[WHAT IS EXPECTED] The material below contains a line with "TwixieGuo online show" and a line with "Luxury Lovran Apartments With Swimming Pool". Copy exactly those two lines and all lines between them.

[PROVIDED DATA]
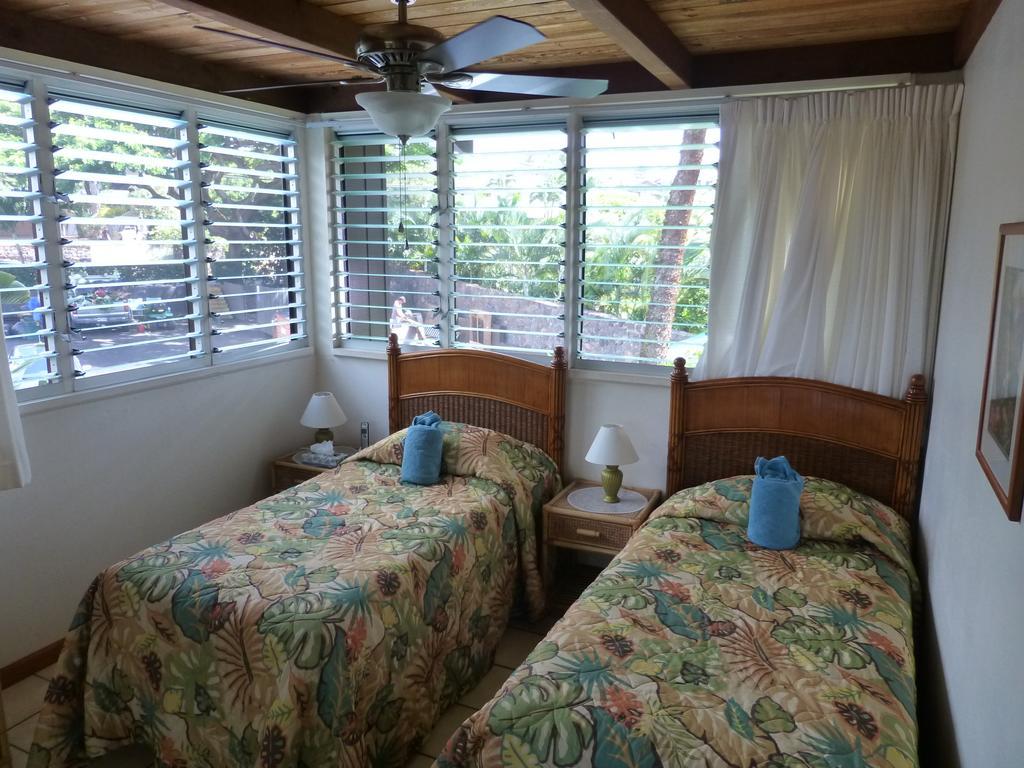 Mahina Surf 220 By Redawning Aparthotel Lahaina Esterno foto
...
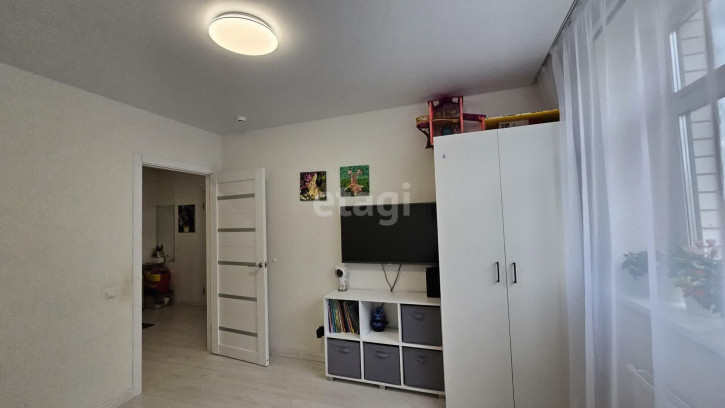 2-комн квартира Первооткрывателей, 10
* * *
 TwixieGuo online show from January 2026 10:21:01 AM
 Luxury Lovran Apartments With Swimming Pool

[SOLUTION TO THE PROBLEM]
 TwixieGuo online show from January 2026 10:21:01 AM
 Luxury Lovran Apartments With Swimming Pool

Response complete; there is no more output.